Though intuitively, 111222 should have fewer expected number of rolls than 123456? Since for 123456, I have to get reach roll exactly right, otherwise I have to start over for the desired sequence. But for 111222, it doesn't matter if I get 10 1's in a row, as long as I get next roll = 2, I can keep going? i.e., I don't have to "start over", I can resume halfway. Actually, this solution explicity pointed out that for other sequences, the number of rolls are different.

So, does the provided answer doesn't work for arbitrary sequence? If not, why?

[EDIT after Joriki's answer] My main question is why the linearity of expectation doesn't work.
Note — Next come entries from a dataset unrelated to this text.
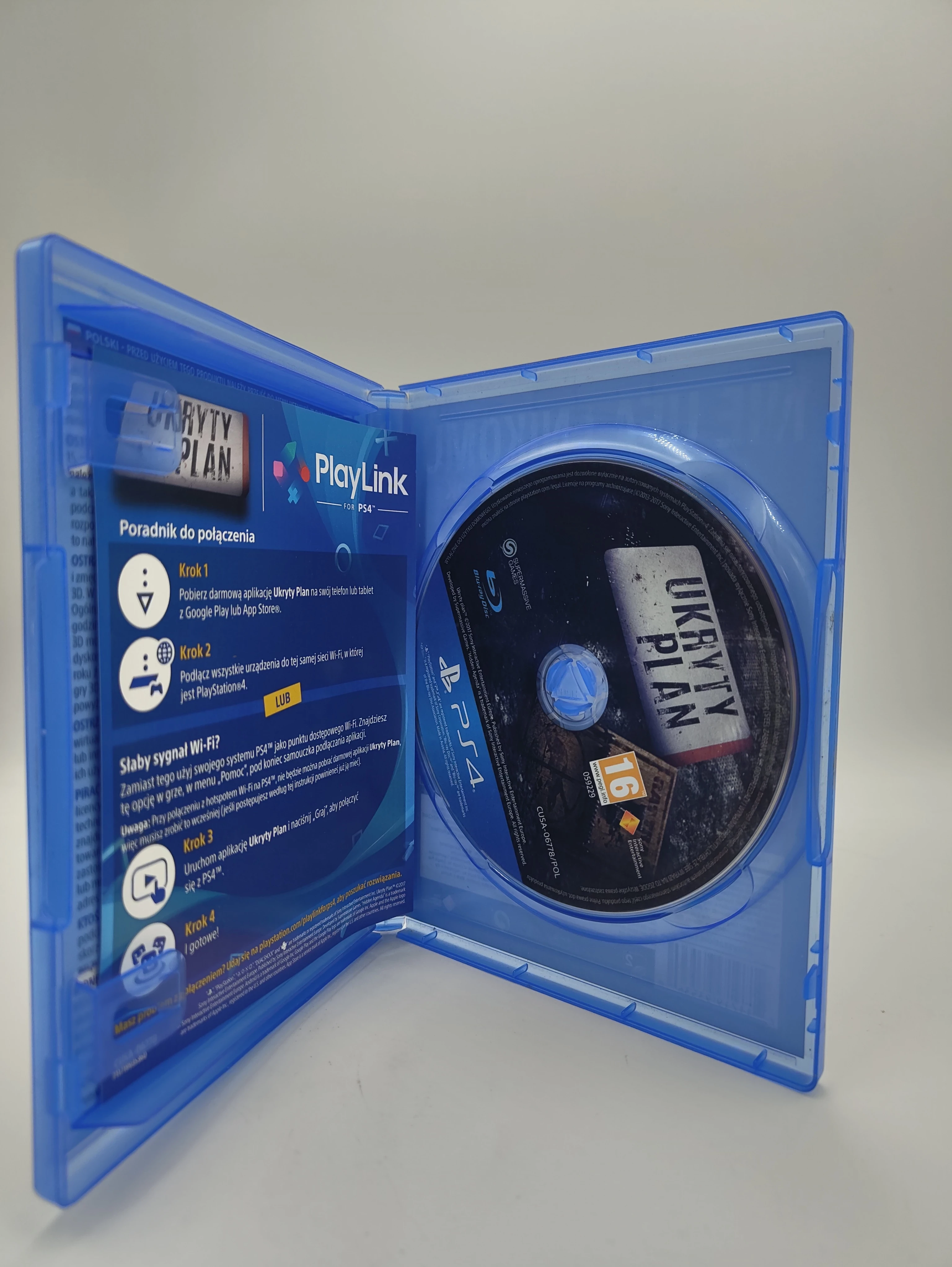 gra-ps4-ukryty-plan-stan-11323-2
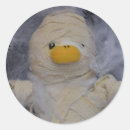 Zoek naar enge spinnen stickers Grappig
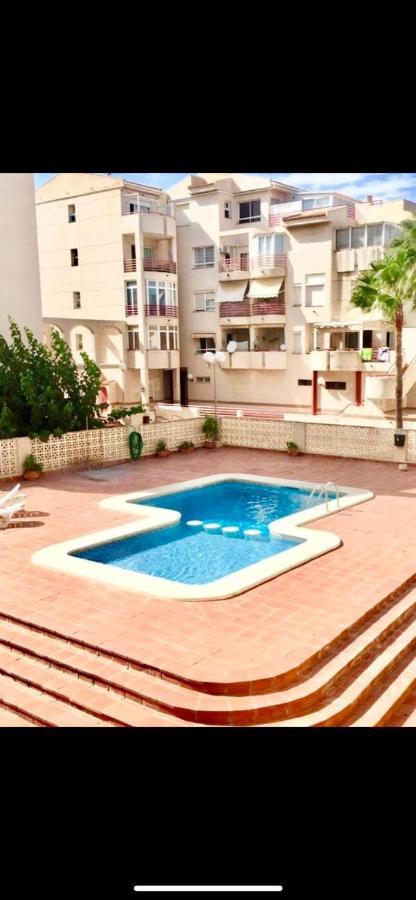 Albir21 Ground Floor By Albir Proper El Albir
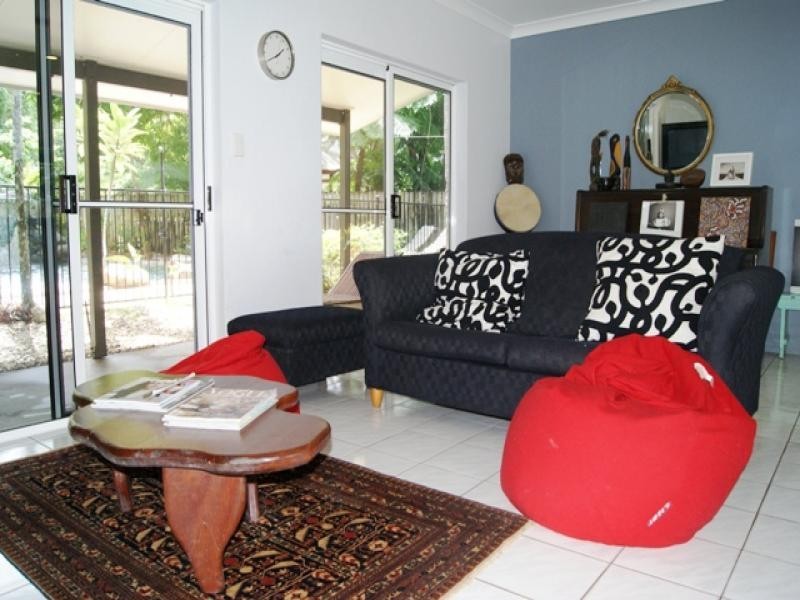 Port Douglas QLD 4877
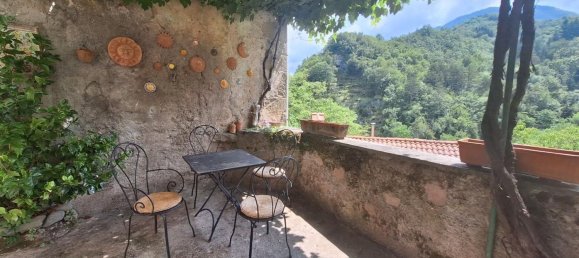 6 rooms House in Bagni di Lucca, Italy No. 269922 23
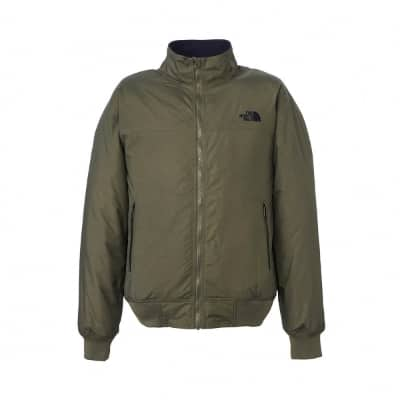 the-north-face-fw-24-outer-collection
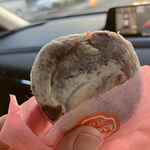 お喜せ 金つば本舗 - 料理写真:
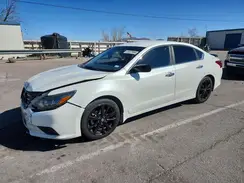 1N4AL3AP5JC180963 2018 NISSAN ALTIMA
Yes I get that in the approach of linearity of expectation, we are looking for n such that E(y)=1, which might be a different question from "expected number of rolls until we hit 123456", but I struggle to understand why they are different.

1

There are 1 best solutions below

4
On BEST ANSWER

It seems that you misunderstood the first question you linked to, possibly due to its ungrammatical formulation. The first linked question says “we count the number of time when the sequence $123456$ appears”, which is unclear because it’s ungrammatical, but the rest of the question suggests that the intended meaning was “we count the number of times the sequence $123456$ appears”, and this is accordingly also the formulation used in the accepted answer.

Your question about the expected number of rolls to get $123456$ (which is also the question asked in the second question you linked to) is a very different question – the answer is much larger (of the order of $6^6$ instead of $6^{-6}$); it cannot be answered by just applying linearity of expectation; and you’re right in thinking that the answer to this question does depend on the particular sequence.